Kecenderungan peningkatan jumlah laporan terus terjadi sampai awal tahun 2016 kemarin. Per April yang lalu, misalnya, aduan masyarakat di sektor peradilan yang masuk kantong pengaduan Ombudsman telah mencapai 116 laporan. Jumlah itu diprediksi akan terus bertambah sejalan dengan kebijakan Presiden Joko Widodo yang membentuk tim Satgas Pemberantasan Pungli (Saber Pungli) beberapa waktu lalu.

“Jadi pada bulan April itu (2016), kami rilis hasil blusukan kami yang meliputi 8 pengadilan negeri. Kami kerahkan 30 asisten untuk ‘ngeroyok’ ini pengadilan, mulai dari Surabaya hingga Bogor,” katanya menjelaskan.

Dikatakan Adrianus, pungli yang terjadi di pengadilan sebetulnya merupakan bagian kecil dari siklus tindakan maladministrasi dari sebuah pelayanan kepada masyarakat. Buktinya, bentuk maladministrasi yang dilaporkan masyarakat kebanyakan seperti pelayanan berlarut terkait pengiriman berkas perkara, keterlambatan pemberian salinan putusan, ketidakjelasan informasi jadwal sidang, hingga pelaksanaan eksekusi putusan pengadilan.

Dalam laporannya kepada Mahkamah Agung (MA), Ombdusman sebetulnya berharap agar MA tidak mencopot oknum aparatur peradilan yang memungut pungli secara langsung kepada masyarakat. Sayangnya, MA nyatanya mencopot dan memberhentikan mereka setelah melihat laporan dari Ombdusman.

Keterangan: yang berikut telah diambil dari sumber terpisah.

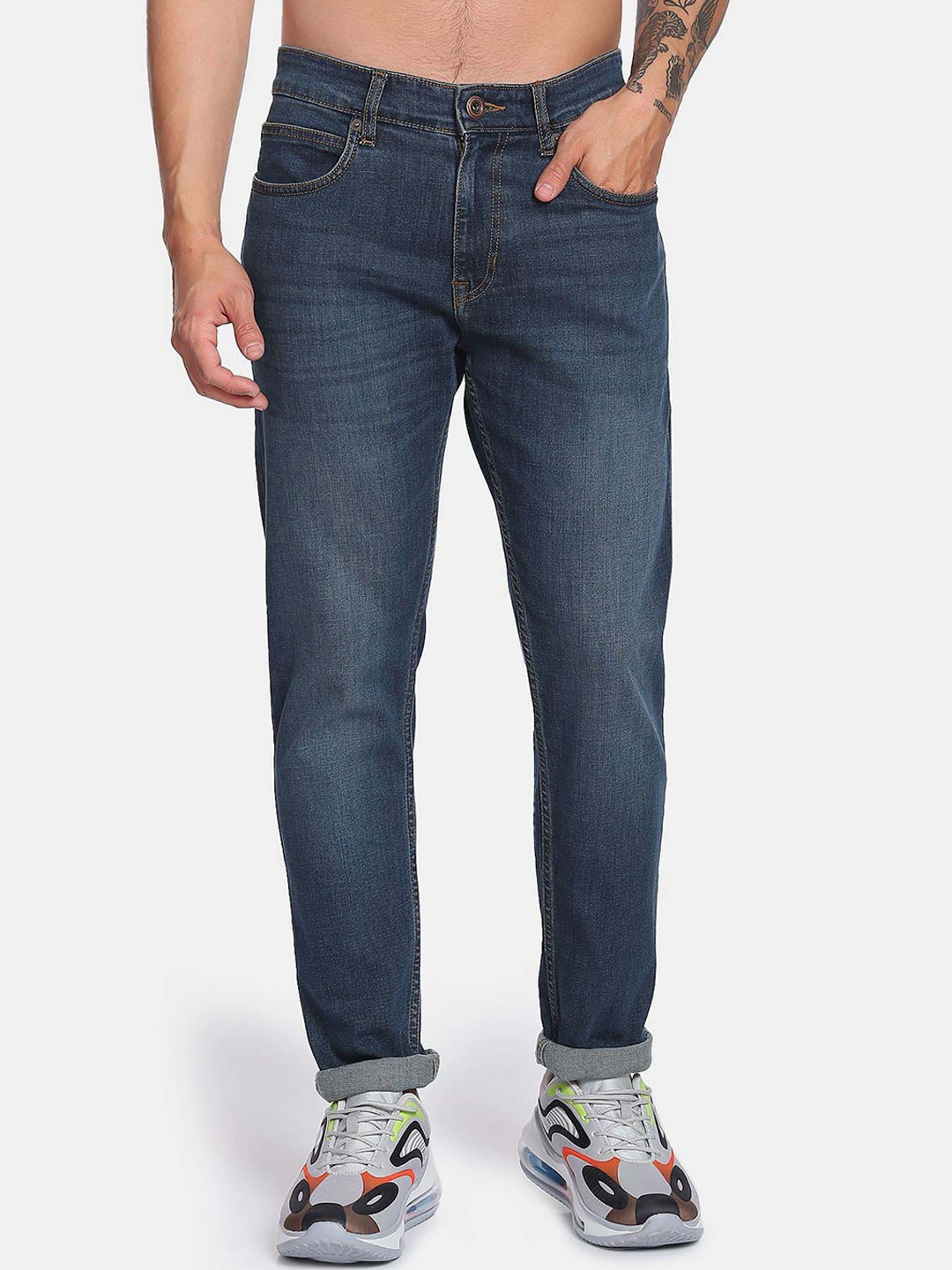 

Flying Machine Men Blue Slim Fit Low Distress Light Fade Jeans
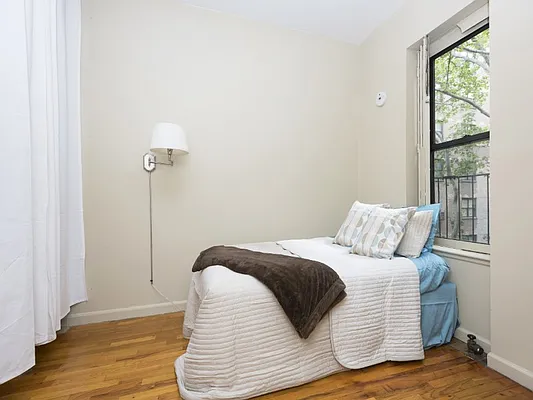 Sold by Sotheby's International Realty | media 4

Harapan Ombudsman agar MA tak mencopot para pelaku tersebut bukan berarti oknum tersebut tidak pantas diberikan sanksi, melainkan Ombudsman berharap MA bisa menyentuh oknum dengan jabatan yang lebih tinggi yang mungkin belum tersentuh selama ini. (Baca Juga: 3 Saluran Bagi Masyarakat untuk Melaporkan Adanya Pungli)

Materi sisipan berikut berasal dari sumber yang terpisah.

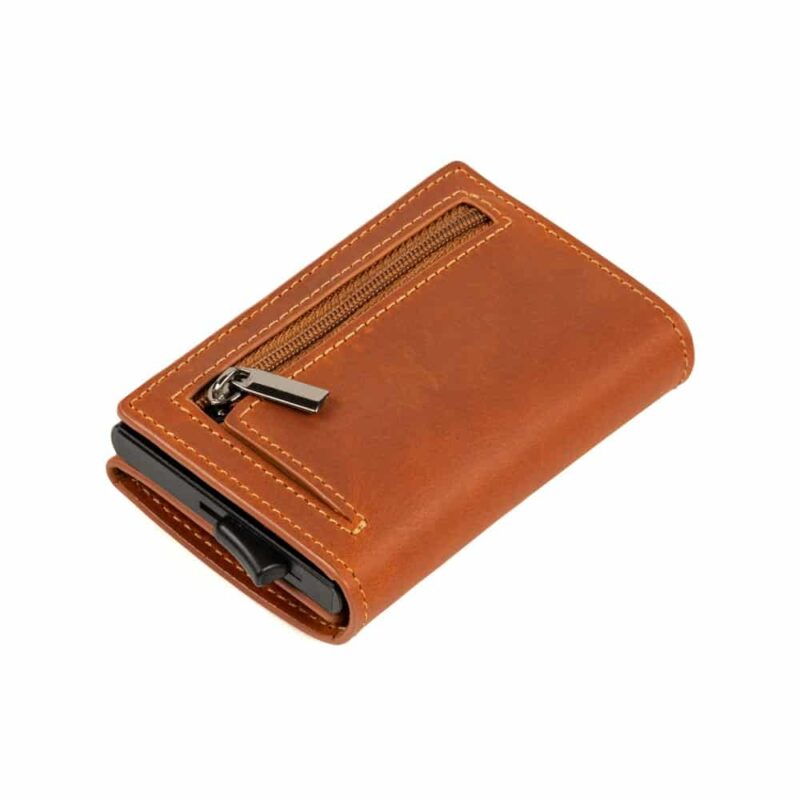 Kaarditasku KT004 Elevated Plus 2.0-brown-tagumine-pool-valgel-taustal Kaarditasku KT004 Elevated Plus 2.0 Brown tagumine pool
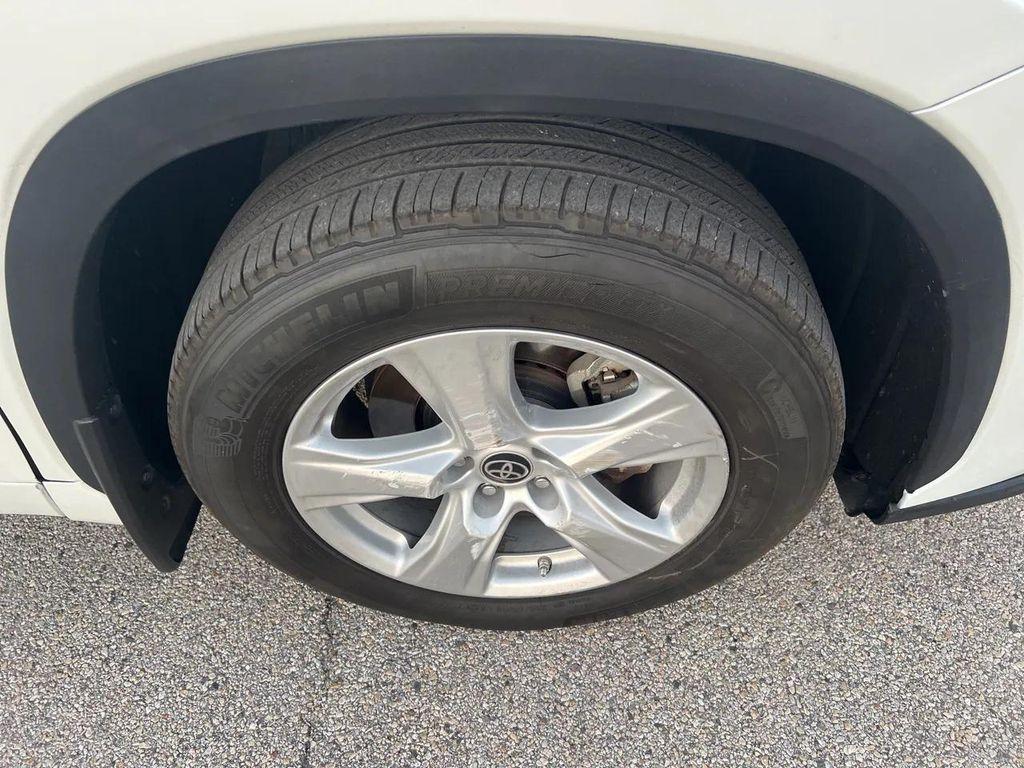 used 2024 Toyota Highlander car, priced at $31,998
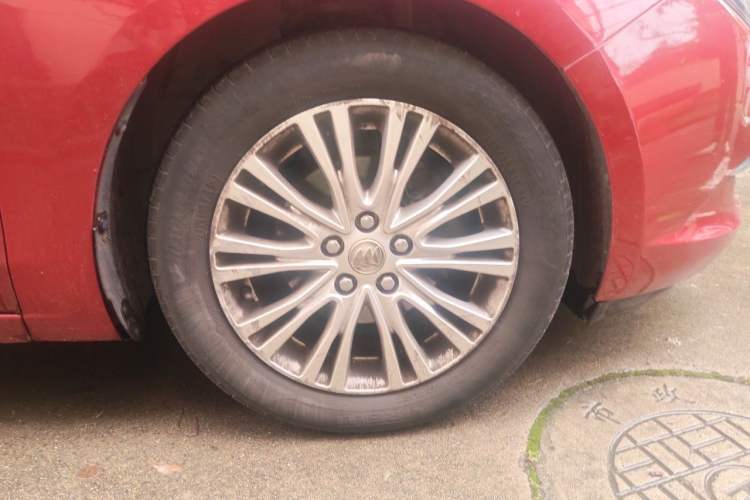 Used Buick GT 2015 15N Automatic Elite Version Right Front Wheel Hub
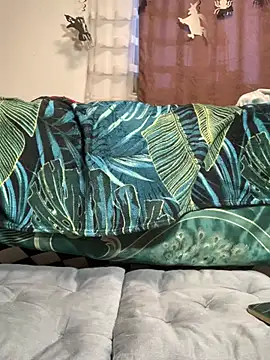 Snapshot of zasmin3 chatting on February 18, 2025, 12:04 am zasmin3 online show from February 18, 2025, 12:04 am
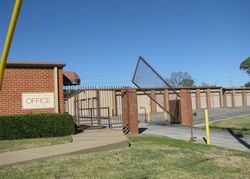 Deerbrook Self Storage - 6456 Paluxy Dr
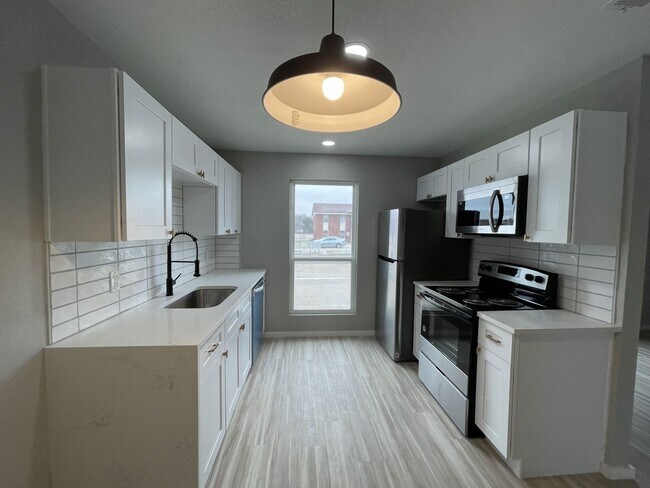 Photo - 1603 Benttree Dr Unit B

“Ada 8 orang, padahal orang bawah, yang (level) Kasi, pangkat-pangkat rendah yang sudah mau pensiun juga, dicopot-copotin semua. Padahal itu ga ada gunanya, itu hanya puncak gunung es. Dan, mereka memang hanya mampu ngajak, misalnya kita mau daftar perceraian, ‘saya percepat dek’, hanya begitu, hanya mempercepat atau hanya nanti saya ketikin, jadi memang hanya level-level kerek. Yang saya yakin, pada bentuk yang lain, yang lebih tinggi, misalnya putusan hakim, itu ada lagi orang yang main dan bayarannya juga beda. Jadi, kapan yang ini disentuh. Mystery shopper yang ini, ga mampu mencegah ini, susah kan,” tutur Adrianus.

Dimintai tanggapannya, Juru Bicara MA, Suhadi mengatakan bahwa MA telah meneruskan rekomendasi Ombudsman terkait hasil penelusuran mystery shopper tersebut. Ia juga membenarkan bahwa sebagian dari oknum yang dilaporkan itu juga telah dijatuhkan hukuman oleh Badan Pengawas (Bawas) MA seperti pencopotan dan pemberhentian sesuai dengan kesalahan masing-masing.

“Sudah dipecat itu, itu sudah diberhentikan oleh MA. PN Jaksel, Bogor, Bandung, itu sudah diberhentikan oleh MA. Di Bandung itu, Panmud (panitera muda) Perdata sudah dilepas jabatannya, yang lain dipecat tergantung kepada kesalahannya,” ujar Suhadi melalui sambungan telepon, Rabu (2/11).

Dikatakan Suhadi, Bawas MA tidak bisa mengambil peran secara lebih proaktif sebagaimana disebut oleh Ombudsman. Sebab, tugas Bawas MA pada intinya melakukan pengawasan ketika ada laporan yang masuk kemudian mengejar orang yang bersangkutan dan apabila terbukti bersalah sifatnya merekomendasikan hasil pemeriksaan tersebut.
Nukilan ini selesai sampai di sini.